Spearfishing for Blood Clots: State-of-the-Art Stroke Intervention
Whitney Meyers, a recovered stroke patient at University of Utah Hospital
Nov 5, 2018 10:30 AM
By William Morris
On the morning of November 20, 2017, Whitney Meyers was getting her children ready for school when she started to feel dizzy. She was climbing the stairs, carrying her youngest child, and suddenly thought, “I need to lie down.” Whitney reached the top of the stairs, then set down her son and lay beside him on the floor.
Mornings for the Meyers are hectic at best. Whitney, 32, is a wife and mother with four young children. She helps her husband Tim get ready for work, then feeds her infant son and packs lunches for her older children before sending them to school. On that Monday morning, though, Whitney could not get off the floor. She knew her daughters were running late for school, but no matter how urgent the situation, her body would not cooperate. She asked her eight-year-old daughter for help up, and tried to use a nearby chair for support. Nothing worked.
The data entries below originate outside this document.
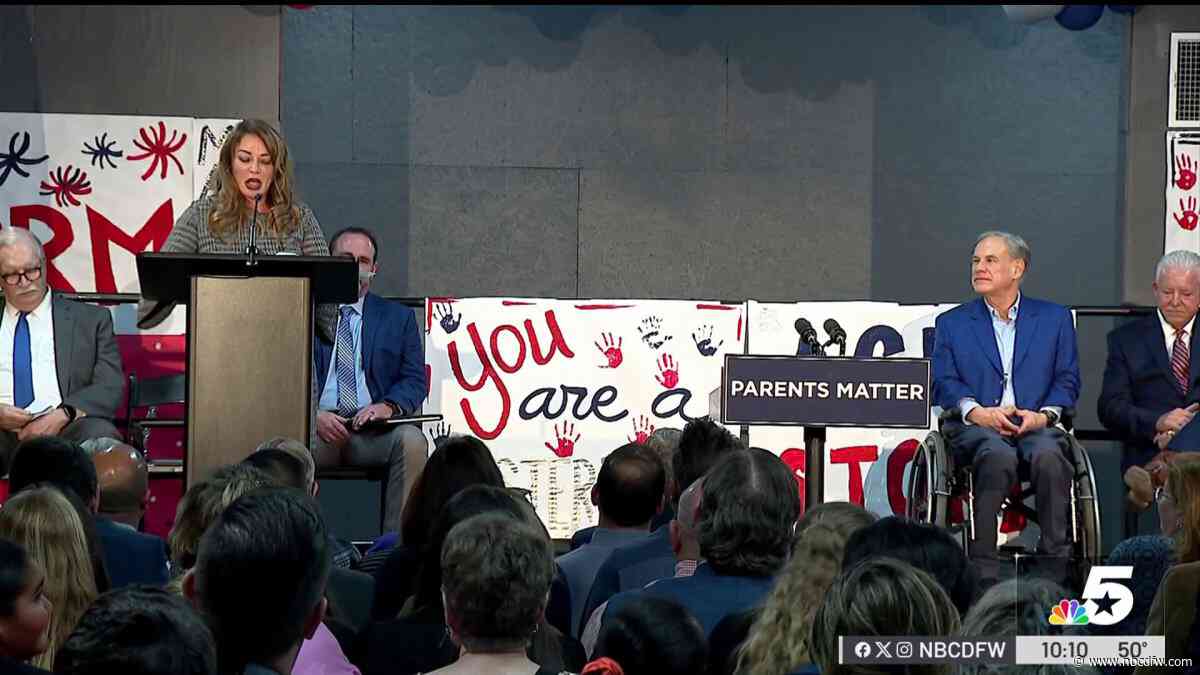 Gov. Abbott attends rally in Athens ahead of school voucher debate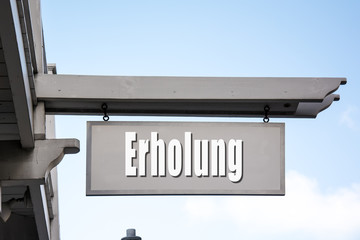 Schild 267 - Erholung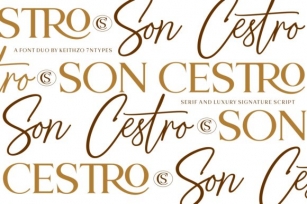 Son Cestro Duo Font Download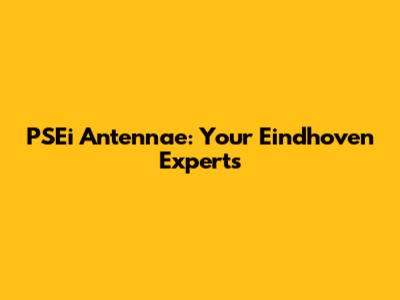 PSEi Antennae: Your Eindhoven Experts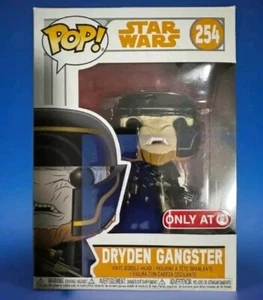Funko POP Star Wars Solo Dryden Gangster Target Exclus 254 Disney New - Picture 1 of 2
“My body had no strength,” Whitney recalls. “I thought to myself, ‘you need to get help.’”
It was a mixed blessing that her older daughters were not yet at school. Unable to find her phone, they ran to Whitney’s sister’s house, thankfully in the same Farmington neighborhood. Finding her sister on the floor, she knew immediately that they needed to call an ambulance.
“Your face is drooping,” she said. “You’re having a stroke. We need to call 9-1-1.”
First responders arrived within minutes. They whisked Whitney to a local hospital where she was first treated with the “clot-buster” medication, Tissue Plasminogen Activator.
Shortly after, Whitney was transported by helicopter to the Emergency Room at the University of Utah. Tim Meyers is an employee of the University, and all of their children were born at University Hospital. While her memory of the stroke is hazy and incomplete, Whitney recalls feeling relief when she was told she was being taken to the University for further treatment. “This is where I’d like to be if I have a serious health problem,” Whitney says.
A Small Incision and a Quick Procedure
|Matthew Alexander, MD, PhD, Interventional Neuroradiologist|
“In treating stroke patients, time is brain,” asserts Matthew Alexander, MD, who treated Whitney that day. In other words, the longer a patient’s brain suffers lack of blood flow, the higher risk they have of brain loss.
The stroke team at the University of Utah is a well-oiled machine. Whitney immediately received a CT scan so Alexander could determine the location and severity of the blood clot that was starving her brain. Alexander determined that he could attempt to remove the clot with a minimally invasive procedure and prepped for a mechanical thrombectomy.
As a neurointerventional surgeon in the Departments of Radiology and Imaging Sciences and Neurosurgery, Alexander is a seasoned pro at these types of procedures. Interventional radiology is a field in which doctors perform minimally invasive procedures on patients using image guidance. Within this medical specialty, neurointerventional radiology (NIR) focuses specifically on the blood vessels, brain, and spinal cord.
“I always knew I wanted to treat and do research with the nervous system,” recalls Alexander.
Alexander was introduced to the new and rapidly growing field of NIR while studying at Columbia University. In the early days of the field, 30 years ago, when doctors first had access to the kinds of image-guidance that made NIR possible, they would have to improvise materials in order to address the myriad nervous system conditions they could now treat. It was a rich time of growth for a new set of procedures developed through much experimentation. “Some of the people who trained me started their training in the mid-1980s,” says Alexander, “and the people who trained them were, to an extent, making it up on the fly.”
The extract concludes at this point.